In this context, we expect a decrease in power prices in the medium term as new renewable capacity comes into the system and following our expectations of a decrease in commodities prices for the remainder of 2023 and 2024, compared with 2022.
Finally, due to its geography and concentration in some regions of generation sources and demand, the country depends strongly on its transmission system, which has been relatively limited for years due to the lack of investments in key reinforcements. Therefore, producing price decoupling is occurring in different regions, and there is a significant difference between capture prices and base-load prices. Moreover, we expect this to continue in the short to medium term as new renewable capacity outpace reinforcements in the grid.
Colombia
Power prices in Colombia are mainly set by hydrological conditions, and we expect this to continue in the short to medium term as the 2.4 GW hydro project of Hidroituango starts operating. In this context, power prices in Colombia were low as reservoir levels increase during the La Niña climate event. However, climate events of low precipitation, such as El Niño, are making prices peak, as thermal energy will need to be used because there is no sufficient solar and wind capacity installed to fully cover the needs of the system in case of a dry season.
In the long term, after adding hydro capacity in the system, new nonconventional renewable capacity should cover demand growth, decreasing and stabilizing prices, mainly through the already fostered regulated renewable power auctions and the emerging PPAs scheme. However, significant investments in the transmission system would be needed to avoid intermittencies in the grid.
Mexico
Since we do not expect a significant shift in Mexico's overall electric matrix composition in the next three to five years, we continue to think that fossil fuel prices will remain the main driver for power prices in Mexico, and to a lesser extent, the inclusion of renewable capacity to the system, and overall national and regional demand and supply. In this context, we project power prices in the wholesale market to decline in the next 12 to 24 months as commodities prices decrease to around $40/MWh from an average of $50/MWh in 2022 (see "S&P Global Ratings Lowers Hydrocarbon Price Assumptions On Moderate Demand," June 22, 2023).

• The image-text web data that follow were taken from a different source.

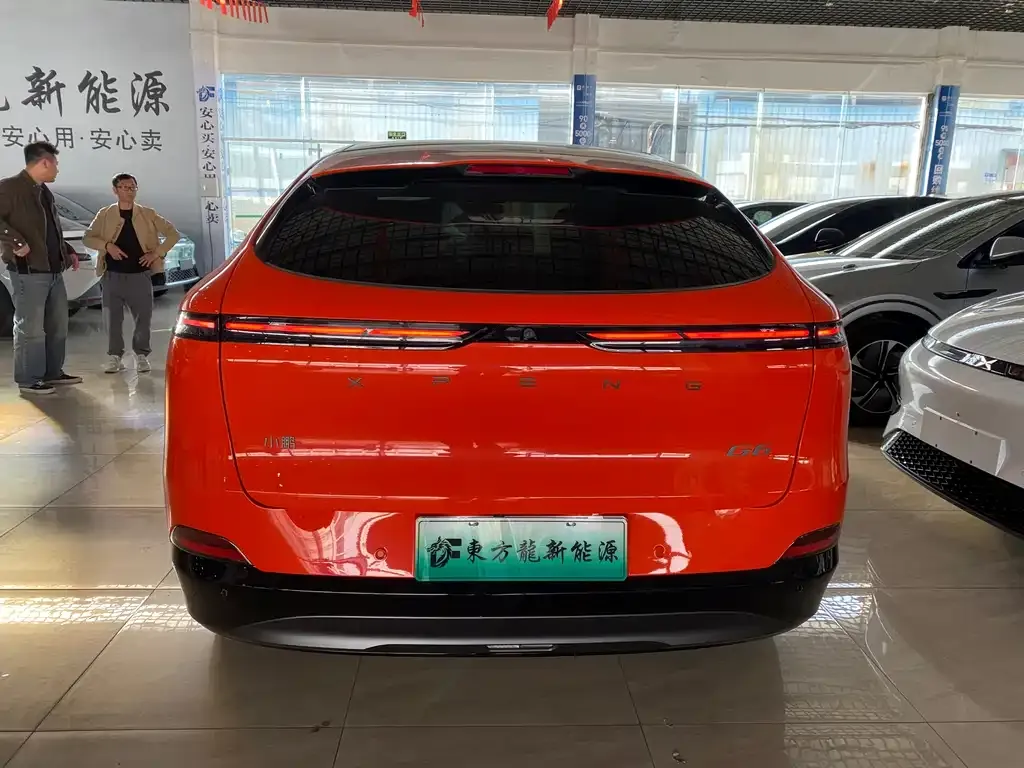 XPeng G6 2024 из CN, фото 7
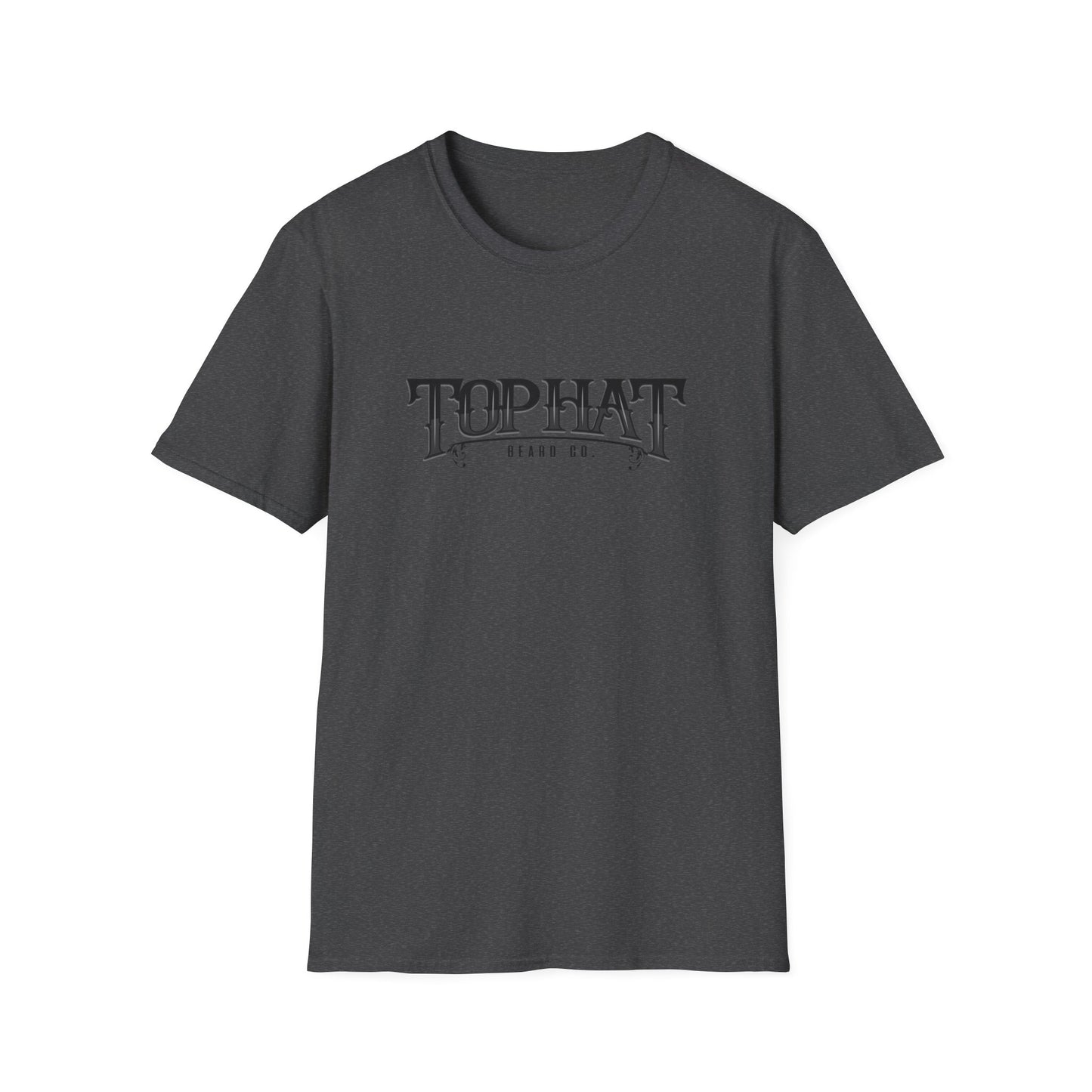 TopHat Unisex Super Soft Tee - Front Logo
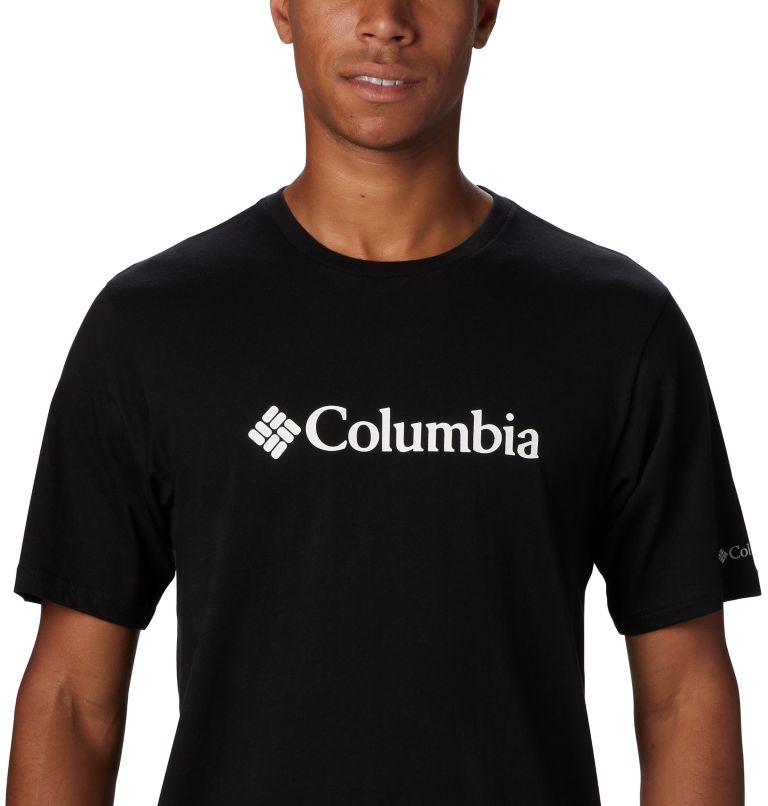 T-Shirts Columbia® CSC Basic Logo Barbati | OPVZQW-431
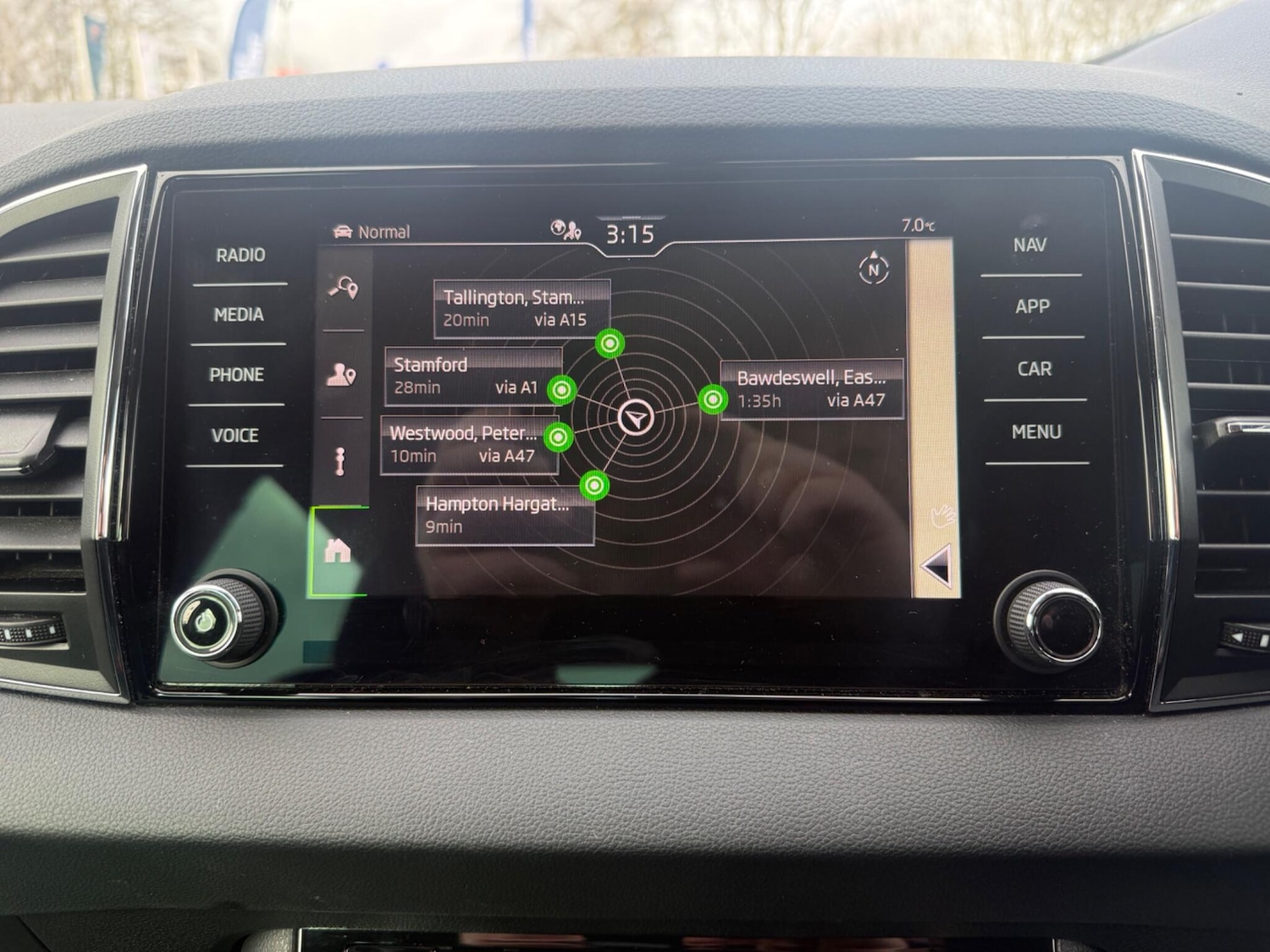 Used Skoda Karoq 2023 for sale - 77882808: Photo 17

We expect renewables nominal capacity will increase about 8 GW by 2026. This will also support the decline in power prices for the upcoming years. However, we don't expect energy prices to plummet significantly as nonconventional renewables enter into the system because baseload plants will offset the increase in renewable capacity, and we project additional gas-fired combined-cycle natural gas plants will likely mostly fill an increase in demand.
Lastly, given the lack of clarity in large investments in the transmission network in Mexico, we expect price gaps between regions to continue and even widen as curtailment risk increases. We think prices for high demand regions (with low energy supply), such as the Yucatan Peninsula, will be significantly higher than average and could increase if transmission bottlenecks arise, and prices will stay low in regions with high renewable energy supply.
Peru
Given that natural gas plays an important role in the Peruvian power system, we forecast commodities prices will remain the main driver of power prices in the country, especially with the construction of the STIGAS pipeline and the conversion of Nepi and Puerto Bravo power plants from oil to natural gas.
Although there is a clear target to achieve certain nonconventional renewable capacity share in the system, recent political turmoil along with low economic growth prospects could dampen investments and additions of solar and wind plants in the next two years. In this context, reaching the expected US$30/MWh optimal price could be delayed even further--in addition, considering a possible delay in transmission infrastructure in Peru.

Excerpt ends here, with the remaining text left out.